Debate Over How Federal Law Applies to Sports Outcomes
Kalshi, a New York-based operator, allows users to trade on predictions involving politics, economic indicators, entertainment, and—since January—sports competitions. The platform describes these products as event contracts overseen by the U.S. Commodity Futures Trading Commission (CFTC). Its legal team said that federal regulators hold exclusive authority over such instruments under the Dodd-Frank Act, which expanded the CFTC’s role in 2010. According to Kalshi’s lawyer Grant Mailand, state gaming rules, including those in Massachusetts, do not apply to its sports offerings.

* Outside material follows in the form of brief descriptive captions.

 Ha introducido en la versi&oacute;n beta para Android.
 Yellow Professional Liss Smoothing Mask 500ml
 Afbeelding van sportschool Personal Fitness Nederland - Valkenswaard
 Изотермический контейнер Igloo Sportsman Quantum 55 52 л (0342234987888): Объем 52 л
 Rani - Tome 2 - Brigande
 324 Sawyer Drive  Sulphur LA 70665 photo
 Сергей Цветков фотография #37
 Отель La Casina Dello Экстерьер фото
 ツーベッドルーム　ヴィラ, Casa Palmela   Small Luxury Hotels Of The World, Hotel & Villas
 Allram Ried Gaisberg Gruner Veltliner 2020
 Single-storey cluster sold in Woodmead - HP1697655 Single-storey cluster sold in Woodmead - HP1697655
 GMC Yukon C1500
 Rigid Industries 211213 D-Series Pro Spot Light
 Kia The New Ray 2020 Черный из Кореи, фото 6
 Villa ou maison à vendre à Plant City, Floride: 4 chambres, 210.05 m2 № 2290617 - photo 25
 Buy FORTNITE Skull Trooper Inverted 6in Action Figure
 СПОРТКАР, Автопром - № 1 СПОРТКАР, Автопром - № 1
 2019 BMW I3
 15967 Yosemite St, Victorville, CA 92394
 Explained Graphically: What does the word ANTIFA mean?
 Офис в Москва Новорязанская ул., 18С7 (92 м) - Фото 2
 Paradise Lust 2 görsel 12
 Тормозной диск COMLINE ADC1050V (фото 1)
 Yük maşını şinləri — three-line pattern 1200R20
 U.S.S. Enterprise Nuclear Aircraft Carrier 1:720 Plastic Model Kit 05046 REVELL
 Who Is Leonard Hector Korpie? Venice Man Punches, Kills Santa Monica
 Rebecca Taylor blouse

The judge openly questioned whether the logic of federal oversight could naturally extend to something as simple as forecasting the winner of a football or basketball game. At one point, he remarked that “how can that carry over and impact something as trivial as who wins a particular game?” As reported by Reuters, his skepticism echoed the view of Assistant Attorney General Louisa Castrucci, who said that “A sports wager by any other name is still a sports wager.” She argued that the laws Congress crafted to prevent a financial crisis were never designed to supervise recreational activities that resemble gambling.
This line of inquiry built on broader questions raised in previous disputes between states and Kalshi. Courts have been asked to decide whether event contracts about game outcomes qualify as swaps under the Commodity Exchange Act (CEA). States maintain that the definition does not cover sports results because they lack a direct financial or commercial consequence. A federal judge in Nevada accepted that reasoning last month, concluding that while a contract tied to the occurrence of a sporting event might fall under the statute, a contract predicting who wins does not.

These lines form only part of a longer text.